Vous êtes-vous demandé parfois pourquoi le renard capturé vivant dépérit et meurt dans sa prison, quels que soient la science et le soin qu’on apporte à lui offrir la nourriture qui lui est d’ordinaire spécifique ? Pourquoi le moineau ne supporte pas davantage la captivité et quel instinct plus fort que le besoin de vivre pousse certaines espèces à se laisser mourir de faim plutôt que de s’accommoder de barrières et de grillages ?

Vous concluez philosophiquement : « Ils ne vivent pas en cage... on ne peut pas les apprivoiser ! »

Et avez-vous pensé qu’il en était peut-être de même pour les enfants, du moins pour ceux — et la proportion en est plus forte qu'on ne croit — que le dressage ou l’atavisme ne sont point parvenus à résigner à l’obéissance et à la passivité : ils entendent toujours distraitement les mots que vous prononcez et regardent de leurs yeux vagues, par-delà les barreaux... de la fenêtre le monde libre dont ils gardent à jamais la nostalgie. Vous dites : « Ils sont dans la lune »... Ils sont dans leur réalité, dans la réalité de leur vie et c’est vous qui passez à côté avec votre vacillant lumignon.

Ils ne font pas, au propre, la grève de la faim. Et encore faudrait-il s’assurer que certains troubles ou certaines épidémies ne sont pas la conséquence d’une perte de vitesse d’un organisme qui n'est plus dans son élément. Mais la grève de la faim intellectuelle, spirituelle et morale est patente, quoiqu’inconsciente. Ils étaient hors de leur cage d’une curiosité inextinguible. Ici, ils n’ont plus faim. Vous accusez en vain le manque de volonté, l’intelligence réduite, une distraction congénitale dont les psychologues et les psychiatres étudient les causes et les remèdes.

Ils dépérissent, tout simplement, comme les bêtes capturées. S’ils n’en meurent pas toujours, physiologiquement et intellectuellement, ce n’est certainement point par faute de mesures de surveillance et de coercition de la part des geôliers mais parce que l’Ecole n’a pas pu jusqu’à ce jour verrouiller ses domaines et que les moineaux un instant libérés s’égaillent à nouveau, dès le son de cloches, dans la richesse vivante de la grande expérience humaine.

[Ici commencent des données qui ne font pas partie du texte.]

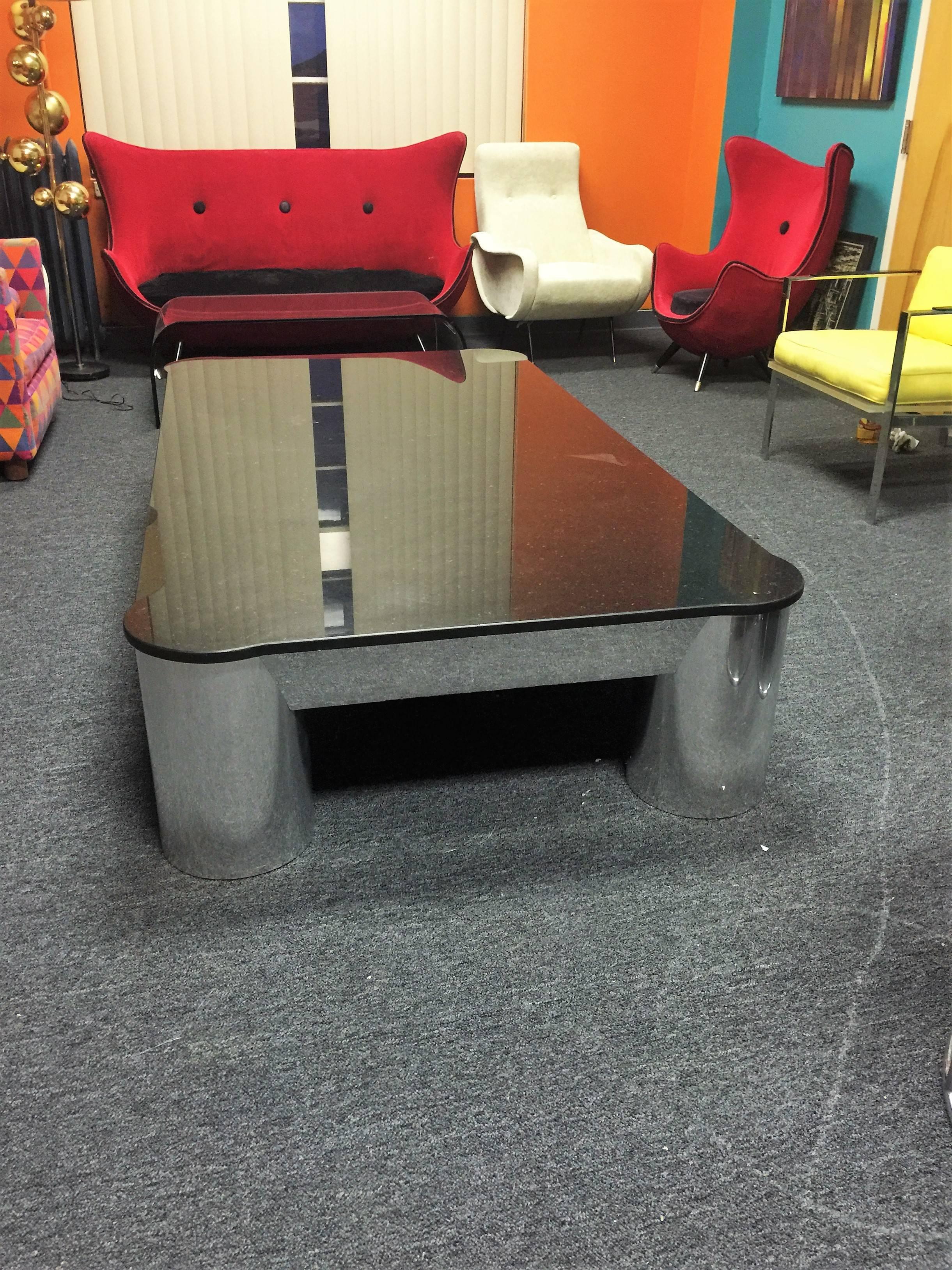 Late 20th Century Spectacular Monumental Karl Springer Style Black Granite and Chrome Coffee Table For Sale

Bien sûr, il y a la réussite de ceux qui se sont « apprivoisés ». Est-elle tellement plus spectaculaire que celle des hommes et des femmes qui n'ont pas accepté la prison, même fleurie, et qui, dans la vie se sont révélés d’attaque en face des éléments ?

Alors, faut-il les laisser dans la jungle de l’ignorance et renoncer à cette culture née de l’Ecole qu’ils se refusent à accepter ?

Le dilemme est mal posé : entre l’état sauvage et le dressage, il y a, en intermédiaire la création d’un climat, d’une atmosphère, des normes d’organisation, de vie et de travail en commun, une éducation dont seront exclus le mensonge et la ruse et cette peur instinctive et cette insupportable obsession des bêtes sauvages et des enfants de voir se refermer derrière eux les portes de la lumière et de la liberté.